»»
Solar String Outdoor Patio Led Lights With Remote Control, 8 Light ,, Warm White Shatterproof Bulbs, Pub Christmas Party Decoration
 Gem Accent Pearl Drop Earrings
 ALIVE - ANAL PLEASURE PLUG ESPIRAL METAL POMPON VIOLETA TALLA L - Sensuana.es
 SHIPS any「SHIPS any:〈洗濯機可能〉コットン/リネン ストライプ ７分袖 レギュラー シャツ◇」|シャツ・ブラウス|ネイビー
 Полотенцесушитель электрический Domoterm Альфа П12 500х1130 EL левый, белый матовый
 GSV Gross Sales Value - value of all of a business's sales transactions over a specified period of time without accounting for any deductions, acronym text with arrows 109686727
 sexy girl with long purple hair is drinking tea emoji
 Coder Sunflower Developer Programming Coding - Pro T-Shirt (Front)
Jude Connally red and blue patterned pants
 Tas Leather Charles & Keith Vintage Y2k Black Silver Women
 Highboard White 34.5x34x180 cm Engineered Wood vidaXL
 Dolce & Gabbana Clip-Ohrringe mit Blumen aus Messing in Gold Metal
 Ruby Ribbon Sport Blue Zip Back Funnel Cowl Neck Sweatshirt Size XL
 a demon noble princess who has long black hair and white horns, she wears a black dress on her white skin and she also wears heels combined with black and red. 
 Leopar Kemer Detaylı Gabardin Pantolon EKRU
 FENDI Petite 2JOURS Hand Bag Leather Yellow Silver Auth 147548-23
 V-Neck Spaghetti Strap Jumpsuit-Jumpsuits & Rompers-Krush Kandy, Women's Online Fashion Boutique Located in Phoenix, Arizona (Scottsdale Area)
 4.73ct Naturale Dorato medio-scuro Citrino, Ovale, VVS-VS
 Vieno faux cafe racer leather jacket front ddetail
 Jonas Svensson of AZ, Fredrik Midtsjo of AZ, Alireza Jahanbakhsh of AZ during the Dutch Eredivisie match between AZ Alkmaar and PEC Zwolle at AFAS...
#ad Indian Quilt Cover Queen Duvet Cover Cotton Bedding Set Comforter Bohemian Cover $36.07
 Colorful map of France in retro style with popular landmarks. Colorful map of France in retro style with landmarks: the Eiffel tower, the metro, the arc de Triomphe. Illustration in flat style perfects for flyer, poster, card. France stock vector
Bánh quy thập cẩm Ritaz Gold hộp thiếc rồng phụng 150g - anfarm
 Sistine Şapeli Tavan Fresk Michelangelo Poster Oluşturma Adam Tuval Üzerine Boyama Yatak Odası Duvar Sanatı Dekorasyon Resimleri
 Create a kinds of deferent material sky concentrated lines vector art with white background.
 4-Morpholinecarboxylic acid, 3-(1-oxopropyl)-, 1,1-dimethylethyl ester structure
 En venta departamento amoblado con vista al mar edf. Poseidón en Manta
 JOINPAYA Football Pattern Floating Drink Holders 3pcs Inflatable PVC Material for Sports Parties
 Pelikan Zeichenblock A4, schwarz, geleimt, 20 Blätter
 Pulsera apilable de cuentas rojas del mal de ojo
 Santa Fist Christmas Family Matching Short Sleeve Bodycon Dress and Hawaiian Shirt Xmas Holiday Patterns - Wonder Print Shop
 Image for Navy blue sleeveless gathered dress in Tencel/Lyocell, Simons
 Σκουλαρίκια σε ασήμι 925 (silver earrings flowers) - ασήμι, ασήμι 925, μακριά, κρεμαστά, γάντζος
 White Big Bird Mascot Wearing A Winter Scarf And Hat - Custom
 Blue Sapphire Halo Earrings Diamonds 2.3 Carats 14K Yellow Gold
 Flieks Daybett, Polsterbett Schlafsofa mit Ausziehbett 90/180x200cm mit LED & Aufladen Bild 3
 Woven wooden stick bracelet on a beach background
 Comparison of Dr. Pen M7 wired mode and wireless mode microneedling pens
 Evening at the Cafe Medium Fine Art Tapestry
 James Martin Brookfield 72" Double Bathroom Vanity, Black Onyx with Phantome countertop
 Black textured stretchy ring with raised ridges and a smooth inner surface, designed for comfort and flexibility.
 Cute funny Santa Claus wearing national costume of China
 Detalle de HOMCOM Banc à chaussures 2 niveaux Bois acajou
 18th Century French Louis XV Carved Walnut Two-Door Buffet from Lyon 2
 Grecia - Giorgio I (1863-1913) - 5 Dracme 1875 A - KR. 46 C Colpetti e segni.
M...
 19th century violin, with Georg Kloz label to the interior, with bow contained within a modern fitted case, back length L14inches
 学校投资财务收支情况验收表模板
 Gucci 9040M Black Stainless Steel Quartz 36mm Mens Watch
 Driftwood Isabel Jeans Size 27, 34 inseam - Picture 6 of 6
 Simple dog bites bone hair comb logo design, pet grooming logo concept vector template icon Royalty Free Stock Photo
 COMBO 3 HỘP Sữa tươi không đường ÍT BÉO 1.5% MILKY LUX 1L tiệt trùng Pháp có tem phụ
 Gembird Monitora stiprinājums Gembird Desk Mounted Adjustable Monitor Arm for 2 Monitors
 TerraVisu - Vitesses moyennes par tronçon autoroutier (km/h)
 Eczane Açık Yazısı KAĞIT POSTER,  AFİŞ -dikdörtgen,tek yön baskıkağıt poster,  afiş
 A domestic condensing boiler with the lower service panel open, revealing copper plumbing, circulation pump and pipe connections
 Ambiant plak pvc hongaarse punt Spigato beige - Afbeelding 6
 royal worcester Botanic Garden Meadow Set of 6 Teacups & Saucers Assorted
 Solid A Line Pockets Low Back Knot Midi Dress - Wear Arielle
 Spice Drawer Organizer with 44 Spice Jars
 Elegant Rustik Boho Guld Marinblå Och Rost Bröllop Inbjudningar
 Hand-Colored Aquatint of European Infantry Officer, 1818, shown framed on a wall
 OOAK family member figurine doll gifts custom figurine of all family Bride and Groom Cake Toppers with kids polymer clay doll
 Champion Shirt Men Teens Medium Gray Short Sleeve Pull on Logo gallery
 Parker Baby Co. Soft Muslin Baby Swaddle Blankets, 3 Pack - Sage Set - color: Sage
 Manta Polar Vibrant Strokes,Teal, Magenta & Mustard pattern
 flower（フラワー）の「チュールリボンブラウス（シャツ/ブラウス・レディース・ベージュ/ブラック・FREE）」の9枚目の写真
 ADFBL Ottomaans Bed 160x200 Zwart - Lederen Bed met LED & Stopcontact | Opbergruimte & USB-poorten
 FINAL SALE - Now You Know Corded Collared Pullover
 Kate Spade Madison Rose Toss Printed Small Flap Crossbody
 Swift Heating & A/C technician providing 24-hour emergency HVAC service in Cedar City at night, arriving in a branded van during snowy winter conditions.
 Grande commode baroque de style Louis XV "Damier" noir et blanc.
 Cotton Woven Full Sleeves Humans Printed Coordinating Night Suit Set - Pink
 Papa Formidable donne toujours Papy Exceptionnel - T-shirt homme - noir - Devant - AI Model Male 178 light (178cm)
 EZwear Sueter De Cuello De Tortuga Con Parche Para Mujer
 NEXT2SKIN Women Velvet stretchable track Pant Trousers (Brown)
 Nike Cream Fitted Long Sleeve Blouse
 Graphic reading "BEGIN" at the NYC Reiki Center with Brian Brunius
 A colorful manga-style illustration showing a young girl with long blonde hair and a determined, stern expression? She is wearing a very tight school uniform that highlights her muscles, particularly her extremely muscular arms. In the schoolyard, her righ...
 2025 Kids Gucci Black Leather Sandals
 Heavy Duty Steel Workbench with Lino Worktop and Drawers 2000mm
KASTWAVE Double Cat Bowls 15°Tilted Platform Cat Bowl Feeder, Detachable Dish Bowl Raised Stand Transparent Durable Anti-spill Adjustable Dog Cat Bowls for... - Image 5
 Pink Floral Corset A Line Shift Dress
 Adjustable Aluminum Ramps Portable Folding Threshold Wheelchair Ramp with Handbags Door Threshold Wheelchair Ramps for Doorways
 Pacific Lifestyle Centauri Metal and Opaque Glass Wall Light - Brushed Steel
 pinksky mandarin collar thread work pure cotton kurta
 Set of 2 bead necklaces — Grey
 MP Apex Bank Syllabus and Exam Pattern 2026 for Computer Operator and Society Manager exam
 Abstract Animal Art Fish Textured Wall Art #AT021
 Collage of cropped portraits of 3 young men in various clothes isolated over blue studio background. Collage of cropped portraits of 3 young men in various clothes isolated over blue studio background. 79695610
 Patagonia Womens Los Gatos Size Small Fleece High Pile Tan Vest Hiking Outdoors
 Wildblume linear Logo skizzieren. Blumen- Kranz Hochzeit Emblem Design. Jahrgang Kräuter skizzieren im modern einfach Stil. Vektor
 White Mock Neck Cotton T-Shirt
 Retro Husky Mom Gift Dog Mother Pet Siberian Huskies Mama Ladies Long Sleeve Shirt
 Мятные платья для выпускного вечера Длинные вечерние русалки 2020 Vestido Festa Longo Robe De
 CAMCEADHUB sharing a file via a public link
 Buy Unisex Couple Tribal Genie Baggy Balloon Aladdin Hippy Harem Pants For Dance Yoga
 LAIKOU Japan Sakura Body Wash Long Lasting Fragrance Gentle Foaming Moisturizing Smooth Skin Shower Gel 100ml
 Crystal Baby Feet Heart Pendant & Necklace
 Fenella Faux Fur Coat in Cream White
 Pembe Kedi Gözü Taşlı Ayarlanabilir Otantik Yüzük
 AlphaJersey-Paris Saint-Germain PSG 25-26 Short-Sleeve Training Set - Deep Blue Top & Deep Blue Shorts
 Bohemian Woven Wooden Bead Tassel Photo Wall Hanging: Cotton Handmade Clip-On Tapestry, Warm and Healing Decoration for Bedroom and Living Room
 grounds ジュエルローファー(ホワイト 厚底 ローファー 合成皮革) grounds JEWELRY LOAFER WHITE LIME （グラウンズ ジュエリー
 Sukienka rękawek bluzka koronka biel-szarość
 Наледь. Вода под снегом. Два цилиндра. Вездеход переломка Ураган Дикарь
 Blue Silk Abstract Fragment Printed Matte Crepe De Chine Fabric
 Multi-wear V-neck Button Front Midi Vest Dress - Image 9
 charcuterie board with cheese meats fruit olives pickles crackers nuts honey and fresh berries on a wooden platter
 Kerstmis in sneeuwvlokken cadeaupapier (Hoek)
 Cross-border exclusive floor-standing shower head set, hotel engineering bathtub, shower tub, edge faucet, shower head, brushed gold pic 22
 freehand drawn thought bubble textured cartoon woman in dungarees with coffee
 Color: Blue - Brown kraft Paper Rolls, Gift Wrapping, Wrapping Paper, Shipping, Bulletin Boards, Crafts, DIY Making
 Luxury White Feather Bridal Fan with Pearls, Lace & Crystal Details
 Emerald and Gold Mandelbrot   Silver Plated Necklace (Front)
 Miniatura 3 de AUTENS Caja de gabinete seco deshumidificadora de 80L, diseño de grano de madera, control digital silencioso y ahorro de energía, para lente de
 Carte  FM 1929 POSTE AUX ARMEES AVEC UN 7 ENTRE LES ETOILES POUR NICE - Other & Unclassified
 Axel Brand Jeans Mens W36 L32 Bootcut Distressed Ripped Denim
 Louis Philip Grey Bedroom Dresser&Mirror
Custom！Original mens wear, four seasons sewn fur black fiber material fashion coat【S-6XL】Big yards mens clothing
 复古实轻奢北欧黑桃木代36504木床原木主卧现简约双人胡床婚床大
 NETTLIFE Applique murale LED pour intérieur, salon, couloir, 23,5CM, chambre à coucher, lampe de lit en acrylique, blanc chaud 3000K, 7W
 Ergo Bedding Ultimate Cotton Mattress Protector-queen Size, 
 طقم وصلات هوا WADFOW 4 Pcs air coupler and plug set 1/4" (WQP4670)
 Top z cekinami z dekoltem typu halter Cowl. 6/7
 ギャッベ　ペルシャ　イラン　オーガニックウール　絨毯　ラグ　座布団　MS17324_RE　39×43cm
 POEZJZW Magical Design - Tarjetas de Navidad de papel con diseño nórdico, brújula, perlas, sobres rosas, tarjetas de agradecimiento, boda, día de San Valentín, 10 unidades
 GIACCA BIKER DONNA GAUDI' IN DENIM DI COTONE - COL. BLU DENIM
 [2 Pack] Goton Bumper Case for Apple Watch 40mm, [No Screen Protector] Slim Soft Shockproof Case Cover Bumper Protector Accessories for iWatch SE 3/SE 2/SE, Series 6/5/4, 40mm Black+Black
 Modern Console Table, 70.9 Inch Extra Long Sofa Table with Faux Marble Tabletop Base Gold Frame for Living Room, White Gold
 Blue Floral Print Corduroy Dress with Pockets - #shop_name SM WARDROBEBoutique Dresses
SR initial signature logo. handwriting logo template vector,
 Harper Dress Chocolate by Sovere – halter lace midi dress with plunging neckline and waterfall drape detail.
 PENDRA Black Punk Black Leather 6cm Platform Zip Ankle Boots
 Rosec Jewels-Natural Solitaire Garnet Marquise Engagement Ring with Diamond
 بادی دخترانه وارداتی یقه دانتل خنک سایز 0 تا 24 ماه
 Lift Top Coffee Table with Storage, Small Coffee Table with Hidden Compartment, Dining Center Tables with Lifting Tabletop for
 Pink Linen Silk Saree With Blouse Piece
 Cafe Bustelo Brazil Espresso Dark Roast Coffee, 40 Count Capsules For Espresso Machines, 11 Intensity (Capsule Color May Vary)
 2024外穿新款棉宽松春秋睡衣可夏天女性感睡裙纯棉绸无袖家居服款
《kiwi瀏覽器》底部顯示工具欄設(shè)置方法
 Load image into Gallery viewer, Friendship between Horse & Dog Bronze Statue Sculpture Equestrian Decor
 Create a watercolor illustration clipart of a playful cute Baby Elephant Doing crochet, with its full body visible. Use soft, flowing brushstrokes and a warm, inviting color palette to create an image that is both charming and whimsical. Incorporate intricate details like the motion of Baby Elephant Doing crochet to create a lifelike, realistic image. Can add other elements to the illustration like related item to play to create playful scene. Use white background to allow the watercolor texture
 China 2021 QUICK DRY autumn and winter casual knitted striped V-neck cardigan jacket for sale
««
### Your objective
For every line of the data above that contains "Silk", copy that line.

### Answer
 Blue Silk Abstract Fragment Printed Matte Crepe De Chine Fabric
 Pink Linen Silk Saree With Blouse Piece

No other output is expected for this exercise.